Воспитанные в государстве свободы и воевавшие за его жизнь и независимость на фронте, оказавшись в неволе, советские люди оставались солдатами свободы.
В западной печати в послевоенные времена приводились цифры, сколько человек бежало из лагерей. Разговор идет о сотнях тысяч. Не берусь уточнять: не думаю, чтобы учет велся; трудно сказать, сколько бежавших погибло; были люди, за плечами которых по нескольку побегов.
Но то, что в селах на Украине скрывалось много воинов, что таились они в лесах и оврагах, я видел своими глазами, и мне ссылаться на зарубежные источники нет нужды.
Здесь возникает уже не легенда, а прекрасная песнь об украинском колхозном крестьянстве, взявшем на себя опасную и тяжкую роль укрывателей и спасителей попавших в беду воинов родной армии. Их прятали, кормили, лечили...

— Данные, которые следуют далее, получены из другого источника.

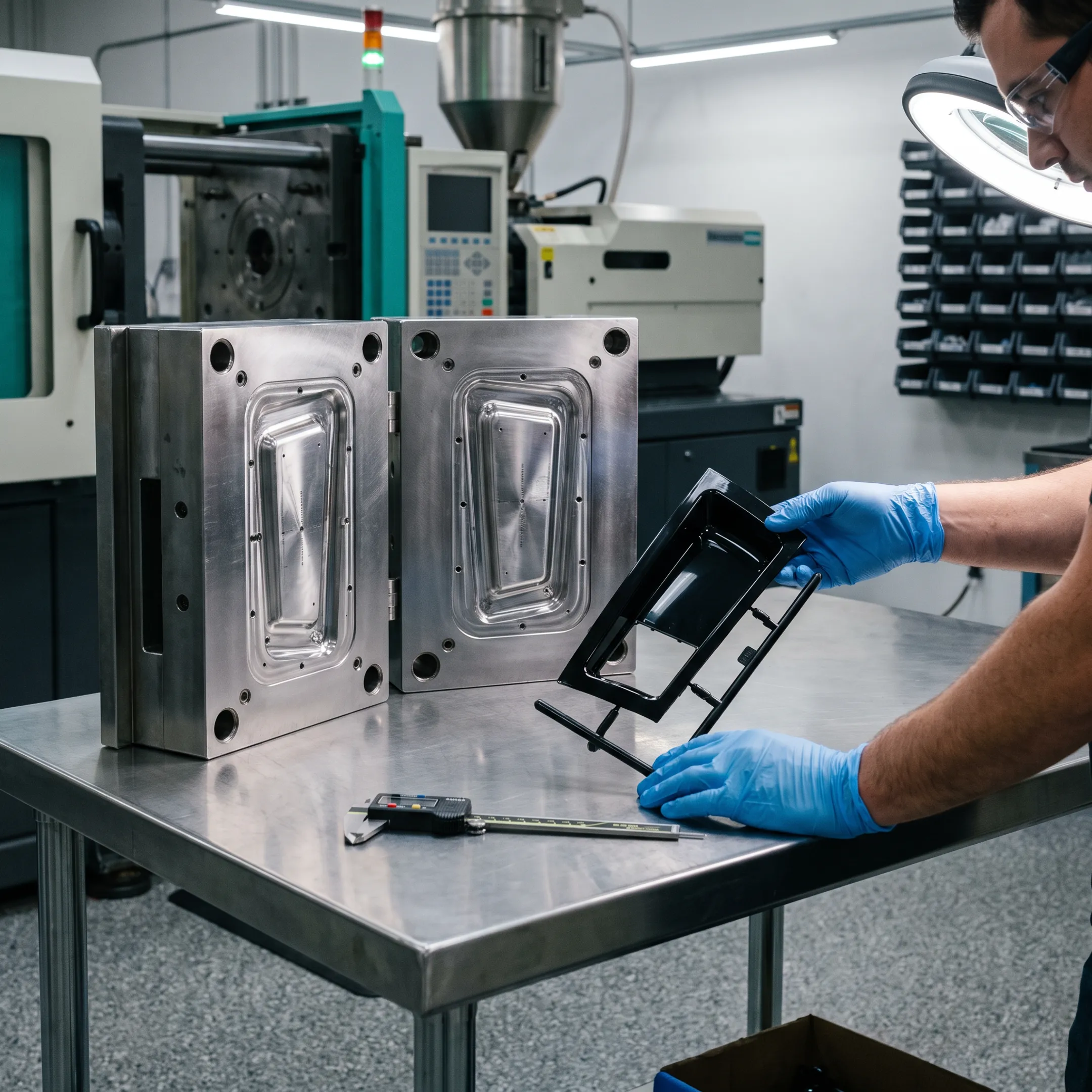 Automotive plastic injection mold and molded component in a manufacturing facility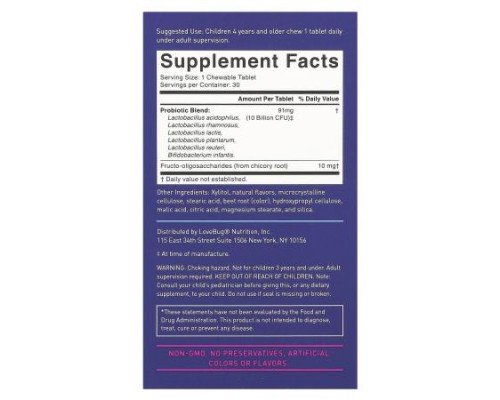 LoveBug Probiotics, Kids Probiotics, 4+ Years, Berry, 10 Billion CFU, 30 Chewable Tablets
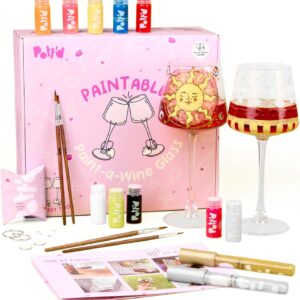 Pott'd Paintables Paint Wine Glasses - DIY Glasses Painting Set for Adults with Wine Glasses, Enamel Paints, Brushes, Pens and Pendants - Craft Kit for Beginners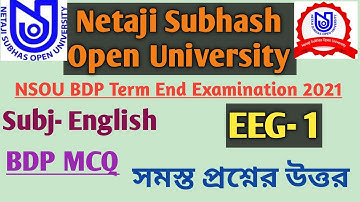 NSOU BDP EEG- 01 Final exam answer 2021/EEG 1 Exam answer 2021 BDP Examination ENGLISH Honours p-1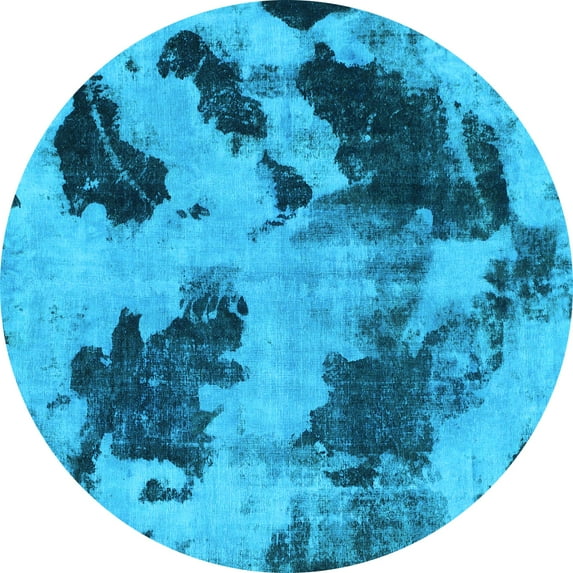Ahgly Company Indoor Round Abstract Light Blue Modern Area Rugs, 6' Round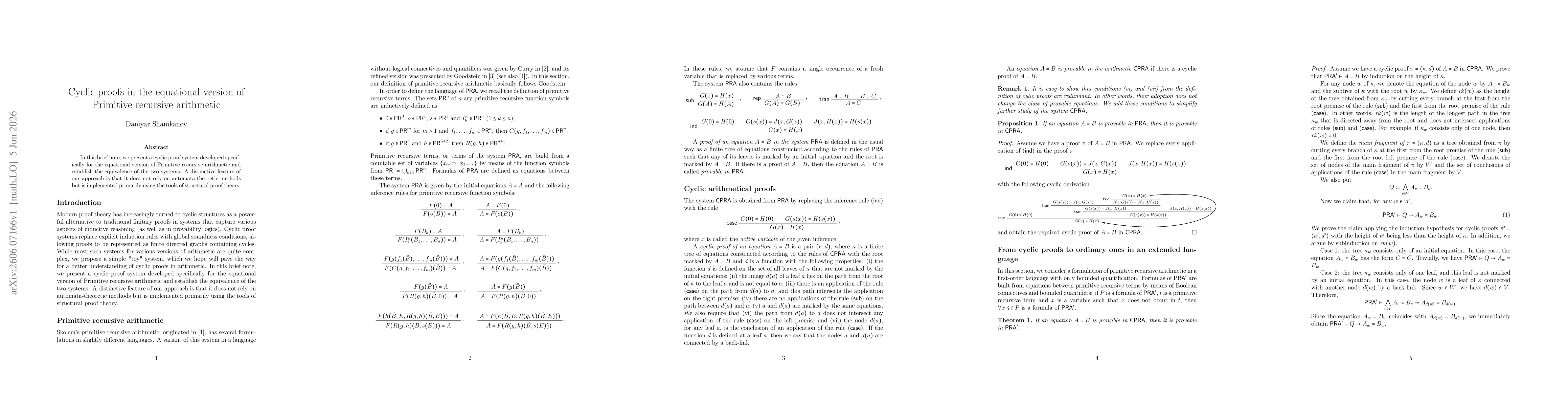 Thumbnail for Cyclic proofs in the equational version of Primitive recursive arithmetic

В окруженных армиях служили сыновья всех народов Советского Союза. (Состав вооруженных сил отражал многонациональное братство, одно из главнейших завоеваний Октября.)

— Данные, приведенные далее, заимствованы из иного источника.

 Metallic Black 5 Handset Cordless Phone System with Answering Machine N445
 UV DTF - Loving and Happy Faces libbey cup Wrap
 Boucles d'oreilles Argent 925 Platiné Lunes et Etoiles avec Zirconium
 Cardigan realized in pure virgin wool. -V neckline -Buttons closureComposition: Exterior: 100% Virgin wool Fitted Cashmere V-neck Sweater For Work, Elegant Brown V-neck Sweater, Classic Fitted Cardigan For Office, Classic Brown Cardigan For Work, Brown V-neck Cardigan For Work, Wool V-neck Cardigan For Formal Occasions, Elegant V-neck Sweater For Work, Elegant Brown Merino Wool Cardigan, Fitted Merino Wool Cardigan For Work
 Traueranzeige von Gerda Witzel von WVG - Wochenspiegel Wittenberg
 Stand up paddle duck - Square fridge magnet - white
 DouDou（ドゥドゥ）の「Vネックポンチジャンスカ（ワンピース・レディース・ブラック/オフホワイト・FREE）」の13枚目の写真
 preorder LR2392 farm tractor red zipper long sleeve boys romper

Всех их Украина приняла, как родных.
Языка украинского они не знали, выдать себя за местных жителей им было почти невозможно.
Расовая политика фашистов строилась на насаждении национальной розни. Столкнуть украинцев с русскими, армян с азербайджанцами, всех других перессорить, чтоб легче было согнуть и покорить. Старый и, казалось бы, проверенный в веках способ!
Но в 24-летней стране социализма он не возымел успеха.
Район Зеленой брамы, соседние с Подвысоким села хорошо знакомы мне по тем временам. Но выбираясь из окружения, после побега из колонны, которую гнали в направлении Винницы, я пешком прошел и по Киевской, Полтавской, Харьковской областям и могу утверждать, что Подвысокое — не исключение и то, что происходило здесь, типично для всей Украины.
Не хочу ничего приукрашивать и гримировать под идиллию: и предатели лютовали, и неопытность наша в конспирации сказывалась, и смертельная опасность таилась на каждом шагу.
А все же братство народов, советское единство оставалось залогом победы, встало над горем и страхом.
Что делали в деревнях красноармейцы и командиры — как бежавшие из плена, так и сумевшие увернуться от этой опасности, но оставшиеся вне строя?
Выздоравливали, залечивали раны.
Готовились к тяжелому переходу — линия фронта сильно отдалилась...
Начинали создавать подполье.
И опять не будем идеализировать: встречались и павшие духом, и слабохарактерные, занявшие выжидательную позицию (чья возьмет?), и отвратительные себялюбцы, воспользовавшиеся добротой колхозников, их святым отношением к Красной Армии вообще. Они получили наименование примаков и жили в свое удовольствие, правда, недолго: потеряли доверие соотечественников, да и у оккупантов его не заработали, даже те, что усердно прислуживали и выслуживались.
Есть страшная и бесповоротная логика в измене, какой бы она ни была — громадной или мелкой. Для суда совести это однозначно.
Приходилось мне встречать бывших русских, разбросанных по белу свету — и в Африке, и в Америке, и на островах Тихого океана.
Разная попадалась публика.
В Сьюдад Гуаяне, городе, широко раскинувшемся в дельте реки Ориноко (меня привел туда маршрут, предложенный венесуэльскими писателями своим гостям), на вечер дружбы явился серый сутулый старик. Протиснулся поближе, но сел сбоку, в сторонке.
По облику, по некоторым непроизвольным движениям его морщинистого лица легко было заметить, что русскую речь он понимает и без перевода.
Когда отзвучали речи и завязалась беседа, подошел вплотную; ощущение было такое, что он хочет поговорить, но никак не решается.
Я был занят разговором с венесуэльцами, но когда он все-таки встретился со мной глазами, задал вопрос:
— После войны здесь оказались?
Он невесело кивнул. Заговорил медленно, с трудом выкатывая каждое слово:
— Сперва немцев испугался, потом наших...
— Есть родственники в Советском Союзе?
— Не знаю... Были...
Сказал и, не оглядываясь, сутулясь, направился к выходу. Говорить нам не о чем. Вдруг он был в Зеленой браме? Но все равно — мы не однополчане...
Колхозники Подвысокого, Копенковатого, Каменечья, Терновки приняли под свой кров и взяли под свою защиту тысячи раненых и больных красноармейцев и командиров.